If you want to change the world, get over the fact that life isn’t fair and keep moving forward.
- Failure Can Make You Stronger
Every day during training you were challenged with multiple physical events. Long runs, long swims, obstacle courses, hours of calisthenics—something designed to test your mettle.
Every event had standards, times that you had to meet. If you failed to meet those standards, your name was posted on a list and at the end of the day you had to do two hours of extra physical work.
Over time those students who did two hours of extra calisthenics got stronger and stronger. If you want to change the world, don’t be afraid of failure. Use it to make yourself stronger.
- You Must Dare Greatly
At least twice a week, the trainees were required to run an obstacle course containing 25 obstacles including a 10-foot-high wall, a 30-foot cargo net, a “slide for life” and a barbed-wire crawl, to name a few.
One day a student risked completing the obstacle course using dangerous and unorthodox tactics, but in doing so, broke the course record. If you want to change the world sometimes you have to dare greatly.
- Stand Up To the Bullies
During the land-warfare phase of training, the students must swim in shark-infested waters. Students are taught that if a shark begins to circle your position, stand your ground. Do not swim away. Do not act afraid. And if the shark darts towards you, punch it in the snout and it will turn and swim away.
So, if you want to change the world, don’t back down from the sharks.
- Rise to the Occasion
As Navy SEALs, one of our jobs is to conduct underwater attacks against enemy shipping. To be successful in your mission, you have to swim under the ship and find the keel—the centerline and the deepest part of the ship.

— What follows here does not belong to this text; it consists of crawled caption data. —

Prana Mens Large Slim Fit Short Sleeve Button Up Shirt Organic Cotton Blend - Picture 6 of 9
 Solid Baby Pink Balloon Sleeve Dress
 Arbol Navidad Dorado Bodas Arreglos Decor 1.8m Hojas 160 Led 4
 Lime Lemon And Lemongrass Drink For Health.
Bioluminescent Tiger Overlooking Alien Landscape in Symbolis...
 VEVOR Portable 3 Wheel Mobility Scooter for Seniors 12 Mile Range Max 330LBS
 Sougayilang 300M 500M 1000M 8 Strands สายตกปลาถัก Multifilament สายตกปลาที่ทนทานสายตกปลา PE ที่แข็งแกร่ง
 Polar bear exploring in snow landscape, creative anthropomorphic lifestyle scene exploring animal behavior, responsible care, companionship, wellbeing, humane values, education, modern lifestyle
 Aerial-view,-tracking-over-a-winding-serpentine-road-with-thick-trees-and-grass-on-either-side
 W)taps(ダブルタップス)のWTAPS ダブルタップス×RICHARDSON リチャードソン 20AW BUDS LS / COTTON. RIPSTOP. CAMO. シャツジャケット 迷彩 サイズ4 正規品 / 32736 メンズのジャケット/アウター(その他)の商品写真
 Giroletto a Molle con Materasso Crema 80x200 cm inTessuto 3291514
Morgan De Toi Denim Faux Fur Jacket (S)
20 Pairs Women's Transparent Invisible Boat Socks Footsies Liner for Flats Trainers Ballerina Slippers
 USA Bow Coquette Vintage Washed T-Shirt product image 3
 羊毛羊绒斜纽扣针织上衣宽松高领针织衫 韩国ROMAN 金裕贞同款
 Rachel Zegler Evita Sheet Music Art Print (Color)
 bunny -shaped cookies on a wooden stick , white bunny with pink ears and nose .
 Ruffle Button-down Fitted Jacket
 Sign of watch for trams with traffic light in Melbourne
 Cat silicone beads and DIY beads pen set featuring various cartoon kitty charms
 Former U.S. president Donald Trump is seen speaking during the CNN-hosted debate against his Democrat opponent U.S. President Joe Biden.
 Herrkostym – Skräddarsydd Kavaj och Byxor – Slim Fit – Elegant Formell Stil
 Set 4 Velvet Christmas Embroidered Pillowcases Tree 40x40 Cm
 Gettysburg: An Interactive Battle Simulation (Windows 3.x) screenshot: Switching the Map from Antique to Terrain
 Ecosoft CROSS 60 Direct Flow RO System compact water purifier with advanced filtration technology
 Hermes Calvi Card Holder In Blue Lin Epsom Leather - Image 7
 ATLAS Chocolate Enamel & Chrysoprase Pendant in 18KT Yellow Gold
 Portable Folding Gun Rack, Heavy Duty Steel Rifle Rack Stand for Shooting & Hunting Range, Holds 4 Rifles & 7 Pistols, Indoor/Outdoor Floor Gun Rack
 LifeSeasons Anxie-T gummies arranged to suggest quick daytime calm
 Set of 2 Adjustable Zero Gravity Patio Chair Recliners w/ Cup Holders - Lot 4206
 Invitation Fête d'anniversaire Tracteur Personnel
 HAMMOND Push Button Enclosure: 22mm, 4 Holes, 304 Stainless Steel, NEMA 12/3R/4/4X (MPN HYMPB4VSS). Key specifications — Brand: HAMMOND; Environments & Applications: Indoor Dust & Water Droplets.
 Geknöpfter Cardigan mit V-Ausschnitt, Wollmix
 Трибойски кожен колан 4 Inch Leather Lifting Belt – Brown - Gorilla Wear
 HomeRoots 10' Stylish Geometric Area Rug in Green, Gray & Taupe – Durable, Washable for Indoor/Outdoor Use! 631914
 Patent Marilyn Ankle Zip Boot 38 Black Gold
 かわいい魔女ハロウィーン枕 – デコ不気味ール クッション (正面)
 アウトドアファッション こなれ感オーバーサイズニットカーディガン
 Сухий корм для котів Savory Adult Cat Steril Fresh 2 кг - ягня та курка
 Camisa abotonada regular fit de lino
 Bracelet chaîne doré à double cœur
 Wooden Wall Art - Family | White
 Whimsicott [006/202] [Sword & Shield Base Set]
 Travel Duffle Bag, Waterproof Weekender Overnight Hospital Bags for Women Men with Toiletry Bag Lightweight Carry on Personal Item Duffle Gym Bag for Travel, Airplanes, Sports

Every SEAL knows that under the keel, at the darkest moment of the mission, is the time when you must be calm, composed—when all your tactical skills, your physical power and all your inner strength must be brought to bear.
If you want to change the world, you must be your very best in the darkest moment.
- Give People Hope
In the ninth week of SEAL training, students must endure six days of no sleep, constant physical and mental harassment and one special day at the Mud Flats, a place of freezing-cold mud and howling wind laced with incessant pressure from the instructors to quit.
One night during our training, caked with mud and at the height of misery, a student began singing, out of tune but with great enthusiasm. One voice became two, and two became three, and before long everyone in the class was singing. Somehow, the mud seemed a little warmer, the wind a little tamer and the dawn not so far away.
So, if you want to change the world, start singing when you’re up to your neck in mud.
- Never, Ever Quit
Finally, in SEAL training there is a bell. A brass bell that hangs in the center of the compound for all the students to see.
All you have to do to quit is ring the bell. If you want to change the world don’t ever, ever ring the bell.
Conclusion
As I pondered these 10 Lessons from Admiral William McRaven, there seemed to me to be clear parallels to the Christian life.
James 1:2-4 says, “Consider it all joy, my brethren, when you encounter various trials, knowing that the testing of your faith produces endurance. And let endurance have its perfect result that you may be perfect and complete, lacking in nothing.
The Lord often takes us beyond our comfort zone in preparing us for service in His spiritual army.
The purpose of the suffering, however, is not to defeat us, but to prepare us for elite service for Him.
As we fix our mind on the benefits of, and lesson in, suffering, it can help us endure the pain.